India becomes a pillar of the global supply chain


“It is India’s responsibility to show its strength to the world through knowledge and innovation.”

New Delhi: This is what India is doing well. India is on the verge of becoming an economy envied by others. The world is watching India’s persistent and consistent steps to move the country into a world leader. Lead the Covid and Plasmid DNA Vaccine Vaccination Program, Open the UN Security Council Session, Protect the Climate, Achieve Better Returns on Investment, Stable External Relations, Facilitating Political and Economic Stability conducting business and implementing governance, India is leading the way!
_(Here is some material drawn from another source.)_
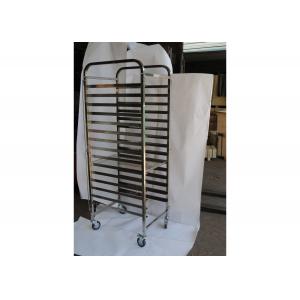 China Gn Pan Stainless Steel Rack Trolley Hotel Restaurant Kitchen Assembling supplier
By making people an advantage, India has realized its potential to generate and meet this demand through “Make in India”. This led to a current account surplus of 0.9% of GDP in fiscal year 2020-21 with capacity utilization in the manufacturing sector at 66.6% in Q3’21. Gross value added in constant 2010 US dollars increased from 1.555 billion US dollars in 2010 to 2.678 billion US dollars in 2019. FDI in 2019 amounted to 50.61 billion US dollars, or 1.76 billion US dollars. % of GDP. Defense exports increased from US $ 262 million in 2014-15 to US $ 772 million in 2020-2021. And we have just started. Global brands are under pressure from Indian companies through the “Atmanirbhar” initiative launched to empower and empower local manufacturers to support Indian growth. To give a boost to the race, the “Asset Monetization Package” has enabled public-private partnerships in the infrastructure sectors (mainly roads, railways, electricity, oil and oil pipelines and telecommunications), the strengthening of infrastructure (ports, airports, railways and roads) to help inclusive growth in Tier 2/3 cities, causing India to grow faster than any other emerging market in the world. On the global map, India is leading the way in becoming a critical pillar of the global supply chain, presenting itself as an attractive alternative destination for global brands through initiatives such as the Supply Chain Resilience Initiative (SCRI). .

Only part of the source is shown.